Directions:
Using the listing below, copy every line that mentions "Divine".
######
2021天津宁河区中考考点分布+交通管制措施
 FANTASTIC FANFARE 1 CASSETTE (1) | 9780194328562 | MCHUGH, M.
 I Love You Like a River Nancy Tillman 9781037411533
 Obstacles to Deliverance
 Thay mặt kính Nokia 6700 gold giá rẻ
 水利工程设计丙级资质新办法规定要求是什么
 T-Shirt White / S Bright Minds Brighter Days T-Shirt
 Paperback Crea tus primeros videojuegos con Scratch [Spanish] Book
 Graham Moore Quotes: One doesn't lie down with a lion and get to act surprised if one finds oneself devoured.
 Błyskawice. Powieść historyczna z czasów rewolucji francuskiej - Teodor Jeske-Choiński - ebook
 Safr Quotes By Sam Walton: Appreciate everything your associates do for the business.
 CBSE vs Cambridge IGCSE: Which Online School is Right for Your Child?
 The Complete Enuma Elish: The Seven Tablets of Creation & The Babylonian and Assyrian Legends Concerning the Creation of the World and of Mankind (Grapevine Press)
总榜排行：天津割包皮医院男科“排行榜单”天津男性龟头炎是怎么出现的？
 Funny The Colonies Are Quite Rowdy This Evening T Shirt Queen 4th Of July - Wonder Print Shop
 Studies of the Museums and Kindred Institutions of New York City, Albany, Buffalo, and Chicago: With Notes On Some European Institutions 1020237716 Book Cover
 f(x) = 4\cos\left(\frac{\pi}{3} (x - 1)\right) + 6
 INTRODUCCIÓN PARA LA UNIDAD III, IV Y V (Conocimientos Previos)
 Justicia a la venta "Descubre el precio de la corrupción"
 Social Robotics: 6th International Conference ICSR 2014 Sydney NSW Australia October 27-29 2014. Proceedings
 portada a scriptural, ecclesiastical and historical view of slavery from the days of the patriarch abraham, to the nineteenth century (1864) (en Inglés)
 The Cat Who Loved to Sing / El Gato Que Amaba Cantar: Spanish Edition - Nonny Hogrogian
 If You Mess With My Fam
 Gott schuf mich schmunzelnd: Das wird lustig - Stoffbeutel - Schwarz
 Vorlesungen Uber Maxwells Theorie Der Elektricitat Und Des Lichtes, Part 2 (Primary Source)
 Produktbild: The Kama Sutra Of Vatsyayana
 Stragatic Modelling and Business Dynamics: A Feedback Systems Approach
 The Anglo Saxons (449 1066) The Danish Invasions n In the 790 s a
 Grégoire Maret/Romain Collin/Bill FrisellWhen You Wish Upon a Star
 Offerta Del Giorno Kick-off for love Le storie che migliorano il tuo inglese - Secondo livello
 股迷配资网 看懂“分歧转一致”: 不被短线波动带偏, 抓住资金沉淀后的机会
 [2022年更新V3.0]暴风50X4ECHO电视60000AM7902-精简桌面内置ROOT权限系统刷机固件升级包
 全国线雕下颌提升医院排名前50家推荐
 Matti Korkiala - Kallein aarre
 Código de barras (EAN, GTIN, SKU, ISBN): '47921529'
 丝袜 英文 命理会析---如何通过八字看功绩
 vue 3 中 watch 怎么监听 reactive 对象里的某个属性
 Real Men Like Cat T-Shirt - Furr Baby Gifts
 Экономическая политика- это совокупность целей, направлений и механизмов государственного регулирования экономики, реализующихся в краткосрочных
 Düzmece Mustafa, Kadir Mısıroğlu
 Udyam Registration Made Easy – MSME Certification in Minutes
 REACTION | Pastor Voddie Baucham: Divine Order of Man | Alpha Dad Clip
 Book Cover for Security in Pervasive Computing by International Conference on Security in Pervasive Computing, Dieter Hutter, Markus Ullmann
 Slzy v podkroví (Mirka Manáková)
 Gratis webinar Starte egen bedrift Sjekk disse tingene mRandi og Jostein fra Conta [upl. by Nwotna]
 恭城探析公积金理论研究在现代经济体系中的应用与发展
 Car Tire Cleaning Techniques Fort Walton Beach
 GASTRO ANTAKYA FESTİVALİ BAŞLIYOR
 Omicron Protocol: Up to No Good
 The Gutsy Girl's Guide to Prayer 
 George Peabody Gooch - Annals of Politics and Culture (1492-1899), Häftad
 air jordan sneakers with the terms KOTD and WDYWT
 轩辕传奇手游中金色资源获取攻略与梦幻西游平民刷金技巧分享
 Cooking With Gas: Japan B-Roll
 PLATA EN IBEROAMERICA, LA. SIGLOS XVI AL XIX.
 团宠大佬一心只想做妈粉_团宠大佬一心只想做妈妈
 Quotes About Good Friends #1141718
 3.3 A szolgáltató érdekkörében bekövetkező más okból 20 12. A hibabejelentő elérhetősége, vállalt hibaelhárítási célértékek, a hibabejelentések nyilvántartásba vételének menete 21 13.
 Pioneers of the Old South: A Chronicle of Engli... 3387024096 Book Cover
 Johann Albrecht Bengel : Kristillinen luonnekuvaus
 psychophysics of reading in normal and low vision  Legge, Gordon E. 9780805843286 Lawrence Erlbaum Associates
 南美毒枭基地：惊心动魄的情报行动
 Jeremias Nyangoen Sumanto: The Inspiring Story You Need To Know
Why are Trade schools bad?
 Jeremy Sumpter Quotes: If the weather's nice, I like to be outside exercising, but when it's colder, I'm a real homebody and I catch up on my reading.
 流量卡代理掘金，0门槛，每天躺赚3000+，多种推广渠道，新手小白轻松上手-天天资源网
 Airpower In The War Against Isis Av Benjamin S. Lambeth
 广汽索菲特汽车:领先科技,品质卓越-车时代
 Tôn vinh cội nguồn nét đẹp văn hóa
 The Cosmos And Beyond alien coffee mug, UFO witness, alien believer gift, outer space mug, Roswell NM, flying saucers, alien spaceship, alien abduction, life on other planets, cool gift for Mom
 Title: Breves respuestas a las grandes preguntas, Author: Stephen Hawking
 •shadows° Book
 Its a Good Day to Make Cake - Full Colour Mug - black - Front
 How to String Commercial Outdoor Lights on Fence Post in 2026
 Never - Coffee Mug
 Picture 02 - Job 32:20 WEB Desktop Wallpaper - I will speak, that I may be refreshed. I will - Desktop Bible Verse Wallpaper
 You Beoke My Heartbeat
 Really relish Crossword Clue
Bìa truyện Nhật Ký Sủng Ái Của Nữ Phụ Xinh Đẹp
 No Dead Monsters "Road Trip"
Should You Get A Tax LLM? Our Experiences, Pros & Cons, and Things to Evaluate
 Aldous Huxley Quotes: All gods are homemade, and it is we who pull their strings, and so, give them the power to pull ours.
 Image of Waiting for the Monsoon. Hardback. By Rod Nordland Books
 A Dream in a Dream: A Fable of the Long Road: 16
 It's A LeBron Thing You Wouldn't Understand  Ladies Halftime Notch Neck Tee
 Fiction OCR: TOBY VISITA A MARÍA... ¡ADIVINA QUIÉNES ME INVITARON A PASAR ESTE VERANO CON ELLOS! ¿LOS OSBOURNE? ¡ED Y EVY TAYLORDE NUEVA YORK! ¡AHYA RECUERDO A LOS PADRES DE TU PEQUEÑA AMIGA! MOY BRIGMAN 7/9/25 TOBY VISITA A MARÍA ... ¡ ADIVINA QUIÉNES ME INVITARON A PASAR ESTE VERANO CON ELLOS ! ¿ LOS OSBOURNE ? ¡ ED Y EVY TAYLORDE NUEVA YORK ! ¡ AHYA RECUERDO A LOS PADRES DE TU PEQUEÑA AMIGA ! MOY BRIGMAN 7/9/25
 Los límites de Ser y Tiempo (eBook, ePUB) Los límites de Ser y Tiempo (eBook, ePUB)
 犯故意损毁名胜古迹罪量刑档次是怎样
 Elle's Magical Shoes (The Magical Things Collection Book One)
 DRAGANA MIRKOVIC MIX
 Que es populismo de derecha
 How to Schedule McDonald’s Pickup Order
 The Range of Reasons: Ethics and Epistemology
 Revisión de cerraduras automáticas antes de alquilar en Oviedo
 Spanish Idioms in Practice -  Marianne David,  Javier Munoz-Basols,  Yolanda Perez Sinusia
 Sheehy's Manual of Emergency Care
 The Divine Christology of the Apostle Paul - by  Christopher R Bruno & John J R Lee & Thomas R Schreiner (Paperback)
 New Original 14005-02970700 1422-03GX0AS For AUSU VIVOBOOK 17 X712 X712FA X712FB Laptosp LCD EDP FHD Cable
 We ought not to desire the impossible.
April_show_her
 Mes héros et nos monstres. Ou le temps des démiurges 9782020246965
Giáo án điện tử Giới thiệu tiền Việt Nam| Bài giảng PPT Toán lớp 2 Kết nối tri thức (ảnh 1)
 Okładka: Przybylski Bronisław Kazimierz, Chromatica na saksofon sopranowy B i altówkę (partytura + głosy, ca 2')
######
Output for this task:
 REACTION | Pastor Voddie Baucham: Divine Order of Man | Alpha Dad Clip
 The Divine Christology of the Apostle Paul - by  Christopher R Bruno & John J R Lee & Thomas R Schreiner (Paperback)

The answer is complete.